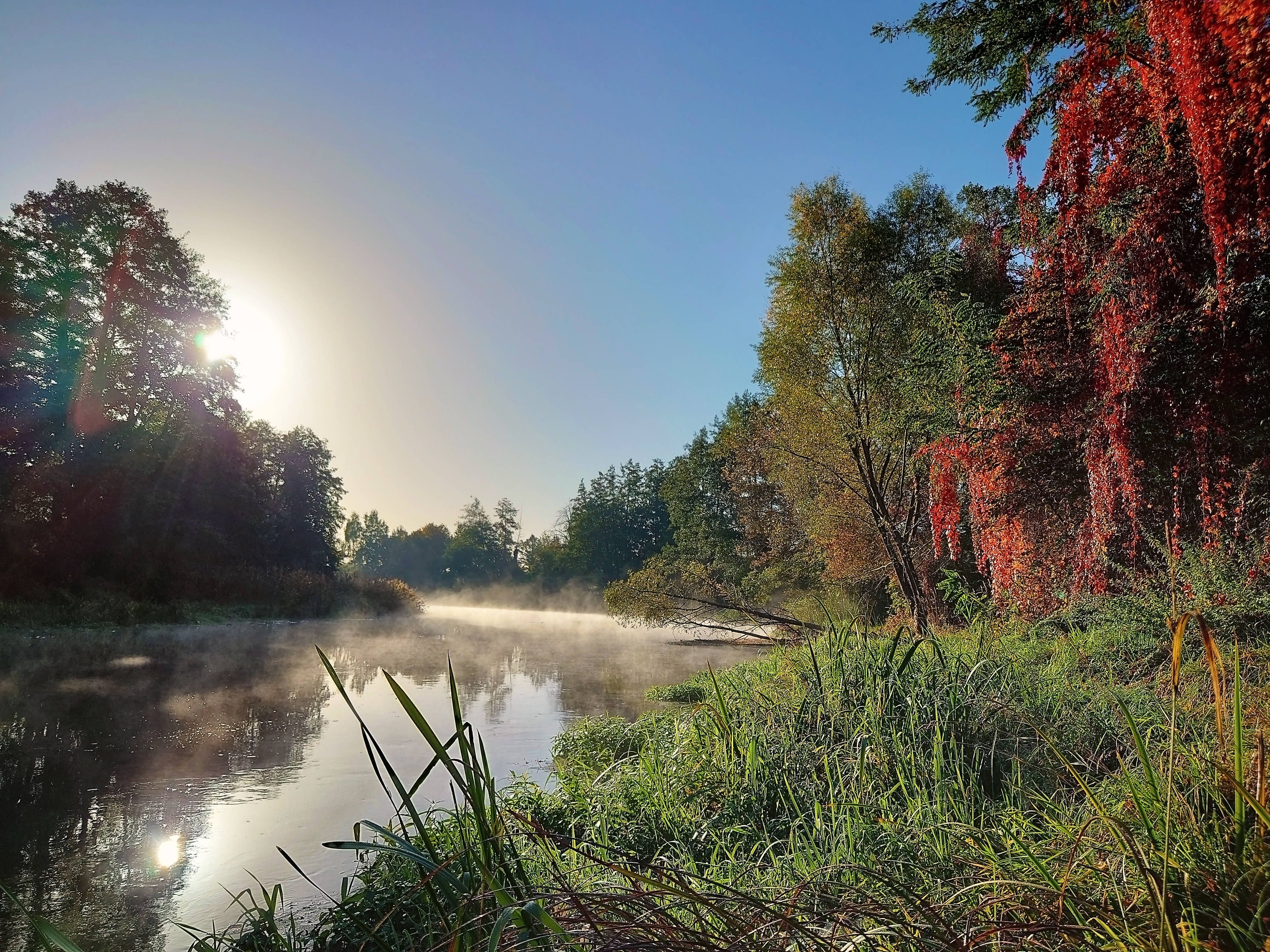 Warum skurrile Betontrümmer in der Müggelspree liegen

□ □ □ □ □ □ □

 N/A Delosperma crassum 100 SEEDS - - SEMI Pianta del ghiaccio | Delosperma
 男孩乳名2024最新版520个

□ □ □ □ □ □ □

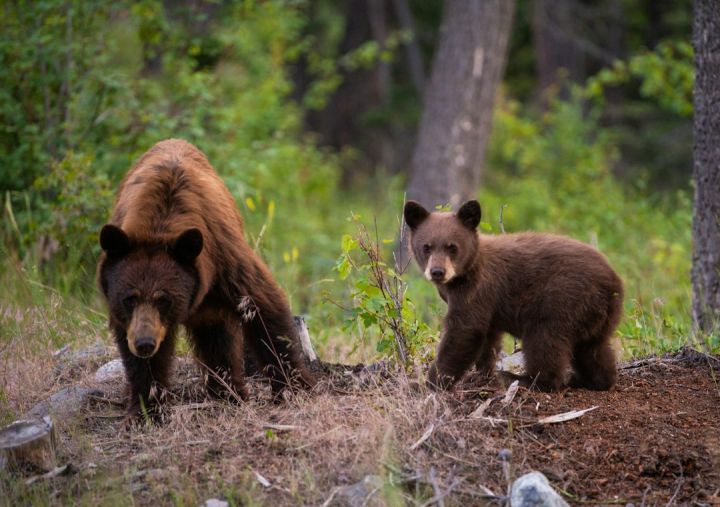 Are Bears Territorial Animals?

□ □ □ □ □ □ □

Working from the material above, restate word for word the lines between the line with "N/A Delosperma crassum" and the line with "男孩乳名2024最新版520个", both included, and only those.

 N/A Delosperma crassum 100 SEEDS - - SEMI Pianta del ghiaccio | Delosperma
 男孩乳名2024最新版520个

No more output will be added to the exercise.